Incursão das forças israelenses deixa mais de dez mortos no sul da Síria
As forças israelenses mataram pelo menos 13 pessoas na sexta-feira (28), durante uma operação no sul da Síria, a mais mortal desde a queda do presidente Bashar al-Assad, há cerca de um ano. Essa operação visava, segundo Israel, um grupo islamista. Damasco denuncia um "crime de guerra".
O Exército israelense informou ter ocorrido uma troca de tiros e indicou que seis soldados israelenses ficaram feridos, três deles gravemente, durante essa incursão no vilarejo de Beit Jinn. Desde que uma coalizão islamista assumiu o poder há quase um ano, Israel realizou centenas de ataques e conduziu incursões na Síria.
O Ministério das Relações Exteriores da Síria denunciou como um "crime de guerra" a ação israelense realizada durante a noite no sul do país, que deixou pelo menos treze mortos, segundo um novo balanço das autoridades em Damasco. "A Síria denuncia (…) a agressão criminosa" do Exército israelense contra o vilarejo de Beit Jinn, afirma o Ministério das Relações Exteriores em comunicado. "Trata-se de um crime de guerra", acrescenta o ministério, segundo o qual a continuação desse tipo de operação visa "incendiar a região".

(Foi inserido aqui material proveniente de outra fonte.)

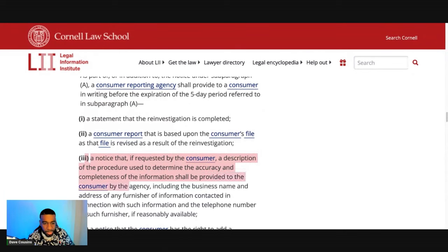Now go to 15 USC 1681n. Go all the way up to subchapter three and scroll down to N — civil liability for willful noncompliance. This specific law says: any person who willfully fails to comply with any requirement imposed under the subchapter with respect to any consumer is liable to that consumer in an amount equal to the sum of — and you can read down the specifics on how much they owe. Those are the specific laws you're going to use to knock the credit bureaus out.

De acordo com a televisão síria, as vítimas são, em sua maioria, mulheres e crianças. Várias casas e a mesquita de Beit Jinn foram atingidas, e várias pessoas ainda estão presas sob os escombros.
Organização Jamaa Islamiya na mira de Israel
O Exército israelense havia anunciado mais cedo ter lançado, durante a noite, "uma operação destinada a prender suspeitos pertencentes à organização Jamaa Islamiya", que "preparavam ataques contra civis israelenses".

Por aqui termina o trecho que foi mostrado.